So far this year some of the top performing currencies against the dollar are the offshore and onshore Chinese renminbi, and the Japanese yen. At the time of writing, the offshore renminbi is up ~2.5% and the yen has gained 1.45% against the greenback. On the other side of the spectrum the Argentine peso, Turkish lira and Brazilian real are amongst the worst performers year-to-date; having fallen roughly 23.5%, 16.5% and 10%, respectively.
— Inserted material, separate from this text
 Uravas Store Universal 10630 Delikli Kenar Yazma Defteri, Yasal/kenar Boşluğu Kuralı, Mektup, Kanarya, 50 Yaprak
Used to identify currency and bond positioning, regular readers are aware of the Net Foreign Assets scoring system. The model considers the indebtedness of a country and hence its ability to repay debt, thus enabling the user to identify the wealthier nations within which to invest. As an example, Abu Dhabi and China are considered “wealthy” having Net Foreign Assets above 100%, and 25% of GDP, respectively, while Brazil, Turkey and Argentina have large Net Foreign Liabilities.
Despite some investors hugely supporting debt issued from Argentina, Brazil and Turkey, we have never favoured sovereign, quasi-sovereign or corporate issuance from those countries due to their: indebtedness, current junk status and insufficient spread cushion. We could demonstrate this using the expected risk-adjusted relative value of 30-year sovereign USD benchmark bonds from Abu Dhabi and Brazil. Rated Aa2, Abu Dhabi Government 4.125% 2047s trade almost 90bps wider than similarly rated bonds with a duration of ~16 years, thus offer an expected return of 14.5%, yield of 4.75% and roughly 4.5 notches of credit cushion. Meanwhile, Brazil 5.625% 2047s, may have a higher yield of 6.3% but they trade at a tighter spread compared with other Ba2 rated bonds with a similar duration; at ~315bps while similar bonds are priced at ~345bps. We therefore calculate that the bond is 0.46 notches “expensive”, with an expected return of -3.7%.
Yield hungry investors have even been buying B2/B- rated Argentine debt, despite the country’s deepening economic woes. The 6.875% 2048 USD issue for example yields over 8%, but only offers and expected return of just 1%, with almost no downside protection, at 0.10 credit notches. It is therefore quite clear to us what we would rather avoid holding both in terms of currencies and bonds.